Daily Currency Market Update – 11th August 2025

GBP/EUR

Summary: GBP/EUR in tight trading range as the Euro gained modest support from optimism surrounding a potential US–Russia summit. Expectations of increased European defence spending and easing trade tensions helped underpin the single currency. However, Sterling remains supported following last week’s “hawkish cut” from the Bank of England, where a narrow 5–4 vote signalled caution on further easing.


Outlook: With UK employment data and Eurozone ZEW sentiment due on Tuesday, GBP/EUR may remain range-bound. A dovish BoE tone or weak UK labour figures could pressure the Pound.

GBP/USD

Summary: GBP/USD extended its rally to 1.3480, marking a fifth consecutive daily gain. Sterling was buoyed by tempered BoE rate cut expectations and a softer US Dollar, which continues to face pressure from rising Fed easing bets.
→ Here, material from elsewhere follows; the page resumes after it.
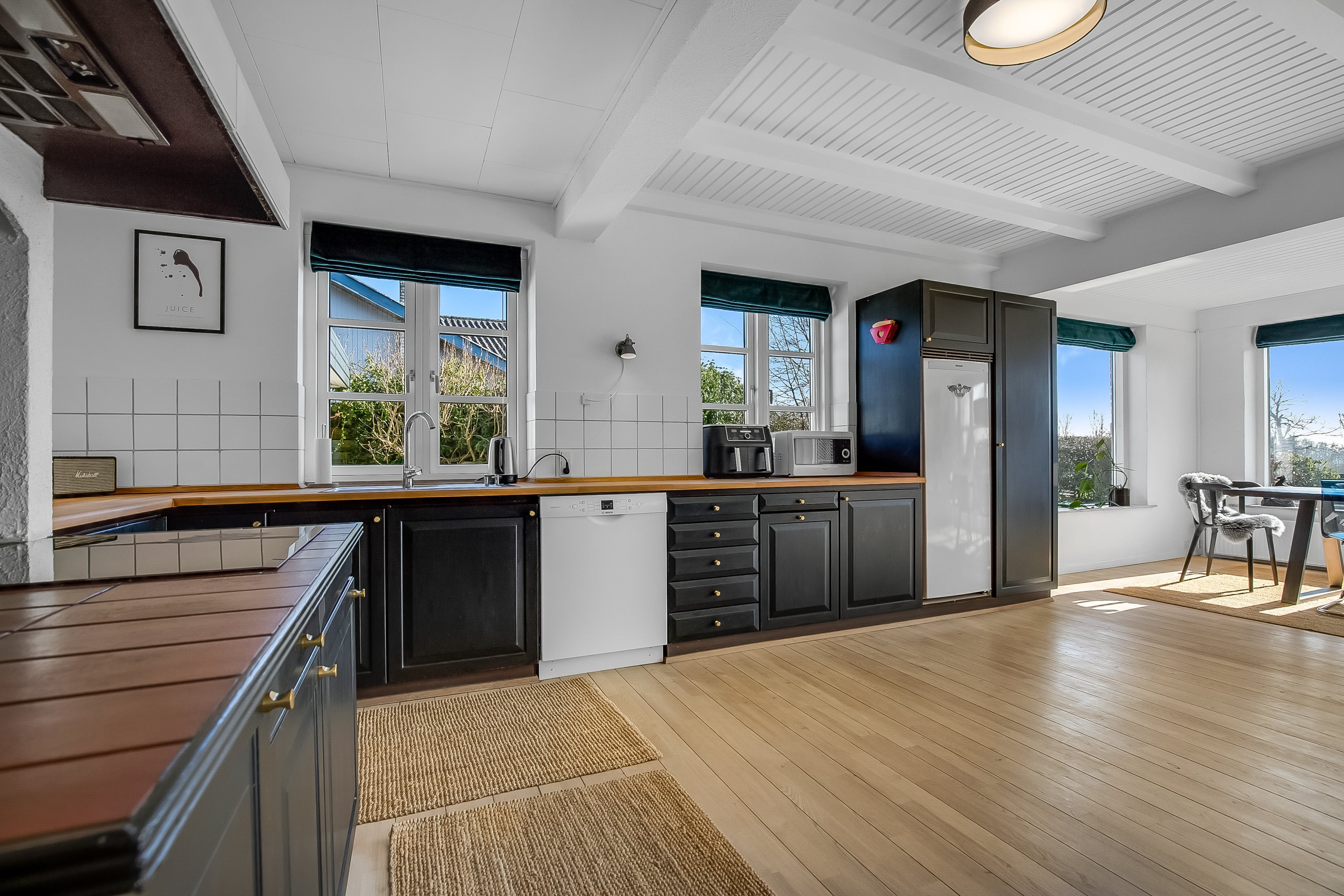 Fremhævet køkken billede i fuldskærmstilstand. Billede af Østervang 4, Assendrup, 7120 Vejle Øst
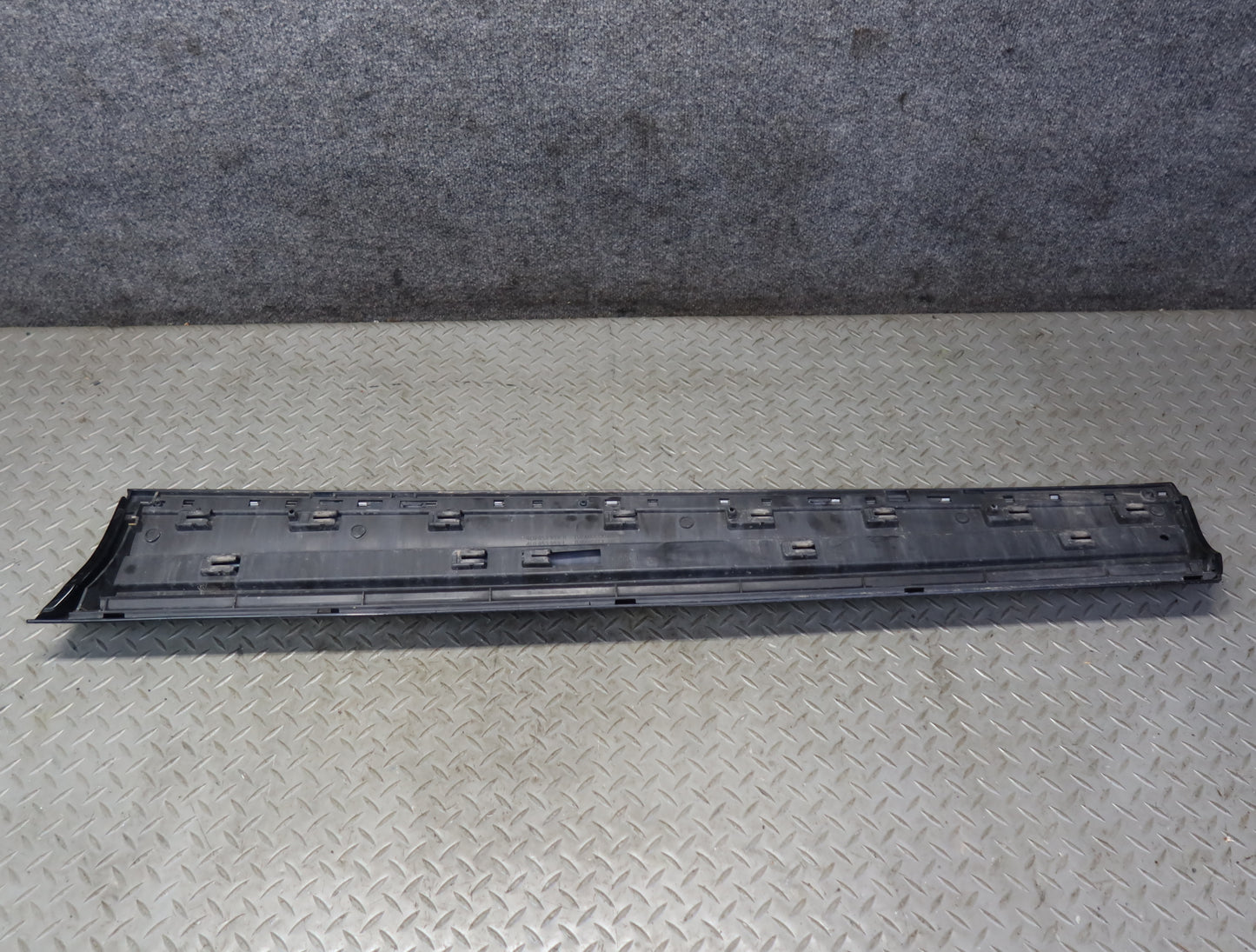 10-15 Audi 4L Q7 Set of 2 Front Left & Right Door Lower Trim Molding Black OEM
Fed Governor Bowman signalled support for three rate cuts this year, citing cooling labour market conditions.


Outlook: UK jobs data and US CPI on Tuesday will be pivotal. If inflation accelerates and UK employment softens, GBP/USD could face resistance near 1.3500.

EUR/USD

Summary: EUR/USD held near 1.1670 in quiet Monday trade, supported by risk-on sentiment and hopes of progress in US–China and US–Russia talks. The Euro benefited from speculation that the ECB may pause its easing cycle in September, while the Dollar weakened on dovish Fed expectations.


Outlook: US CPI and Eurozone ZEW sentiment will guide direction. A strong US inflation print could cap Euro gains, while soft data may support further upside.

USD/AUD

Summary: AUD/USD consolidated around 0.6520 ahead of Tuesday’s RBA rate decision. Markets expect a 25 bp cut to 3.6%, following soft Q2 inflation and rising unemployment. The Aussie remains supported by upbeat Chinese export data and stable risk sentiment.
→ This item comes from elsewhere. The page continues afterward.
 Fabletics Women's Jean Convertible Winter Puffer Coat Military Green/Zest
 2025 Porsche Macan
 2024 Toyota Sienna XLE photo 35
Outlook: If the RBA delivers a dovish cut and US CPI surprises to the upside, AUD/USD may drift lower. Otherwise, risk appetite could support a rebound.

USD/CAD

Summary: USD/CAD climbed toward 1.3770, supported by weaker oil prices and cautious sentiment ahead of Tuesday’s US CPI. The Canadian Dollar remains pressured by trade concerns and expectations of BoC easing, while the US Dollar steadied after last week’s losses.


Outlook: Canadian jobs data and US inflation will be key. If oil remains soft and Fed cut bets persist, USD/CAD may hold above 1.3750.

USD/CHF

Summary: USD/CHF slipped to 0.8060, weighed by Fed rate cut expectations and soft US data. However, downside was limited by pressure on the Swiss Franc, which faces headwinds from the newly enacted 39% US tariff on Swiss exports. The SNB remains dovish, with inflation still near zero.
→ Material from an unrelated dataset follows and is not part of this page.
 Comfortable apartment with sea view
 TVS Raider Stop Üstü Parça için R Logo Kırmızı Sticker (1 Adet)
Outlook: If US CPI accelerates and Swiss trade tensions persist, USD/CHF may stabilise. Fed commentary and tariff developments will shape direction.

Final Summary

Sterling extended gains against the Dollar but softened versus the Euro, as BoE caution and global sentiment shaped flows. The Euro held firm amid trade optimism and ECB pause speculation, while the US Dollar remained under pressure from dovish Fed signals. Commodity-linked currencies like the Aussie and Loonie are mixed ahead of key central bank decisions and data. The Swiss Franc faces tariff-related headwinds. Focus now turns to Tuesday’s CPI and employment data for fresh momentum.